As the debut of director Denis Villeneuve’s lavish rendition of Dune looms closer, tension over the imminent arrival of this crucial career waypoint has to evoke a bit of déjà vu. That’s because it’s essentially where the French-Canadian filmmaker found himself around this time in 2017 upon the arrival of his previous attempt at a sacred franchise offering, Blade Runner 2049, which ultimately became a box office boondoggle. This time around, he’d prefer to avoid repeating mistakes that he now implies compromised his artistic future.

Contextually, Blade Runner 2049 was to be the big-budget crowd-pleasing coming out party for Villeneuve, who was riding a wave of critical momentum from 2016 sci-fi drama Arrival, which even earned him a Best Director Oscar nomination. Indeed, he was on a steady upward trajectory from preceding buzz-worthy hits Prisoners (2013), Enemy (2013) and Sicario (2015). Consequently, said coming out party—the belated sequel to director Ridley Scott’s 1982 future-noir cult classic—ballooned to a budget upwards of $150 million. Unfortunately, the film’s $92 million domestic and $167 million international grosses made him the deliverer of a dud. Now safely four-years-removed from the experience, an appearance on the Happy Sad Confused podcast (via IndieWire) has Villeneuve candidly commenting on his Blade Runner humiliation.  

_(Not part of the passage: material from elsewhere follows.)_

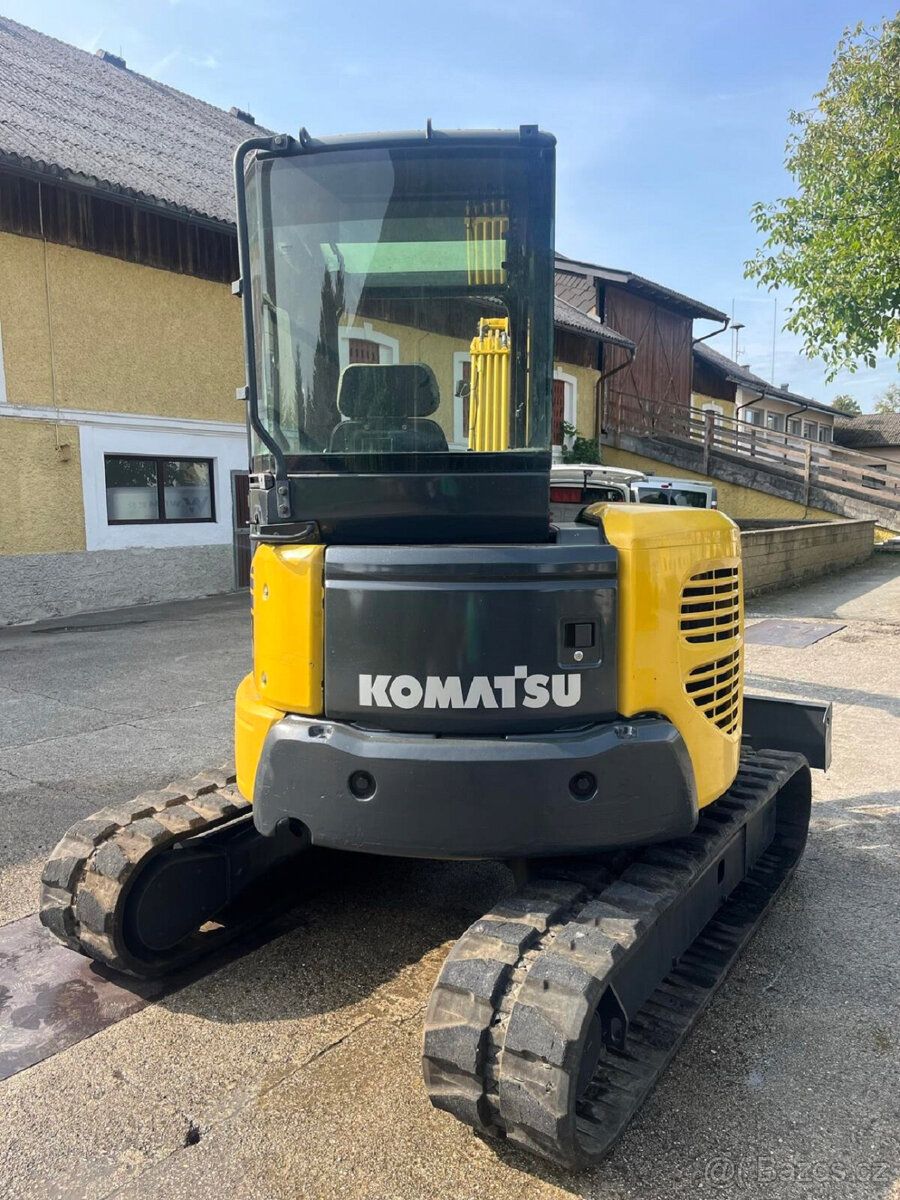 Prodám profesionální minibagr Komatsu PC50 MR-2 (40HP,5.0t) - 2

“The miracle for me about Blade Runner 2049 is the following: I’m still making movies and you’re still talking to me,” recalls a relieved Villeneuve. “I knew that when I did this movie I flirted with disaster. I put myself into massive artistic danger. That was walking, as Christopher Nolan said to me once…walking on sacred territory. It’s true. It was sacrilegious what I did. I was told, ‘You don’t do that.’ Just the fact that I’m still here making movies, for me…at least I wasn’t banned from the filmmaker community. It was a dangerous game.”

The caution-dispensing Christopher Nolan would know a thing or two about what it’s like being a buzz-riding artiste director tackling a sacred cinematic task, having rebooted DC’s Dark Knight with 2005’s Batman Begins. While that gamble obviously paid off for Nolan to tremendous critical and financial success and two (even more successful) follow-up films, Villeneuve’s situation with Blade Runner 2049 instead resulted in a lackluster performance that put him in danger of being dismissed across the industry as a director who’s unable to deliver off his own lofty ambitions. Yet, Villeneuve still had the saving grace that his sequel is a generally well-regarded entry, boosted by inter-generational headliners in Ryan Gosling and returning original star Harrison Ford, both of whom played off an antagonistic dynamic provided by Jared Leto and breakout actress Sylvia Hoeks.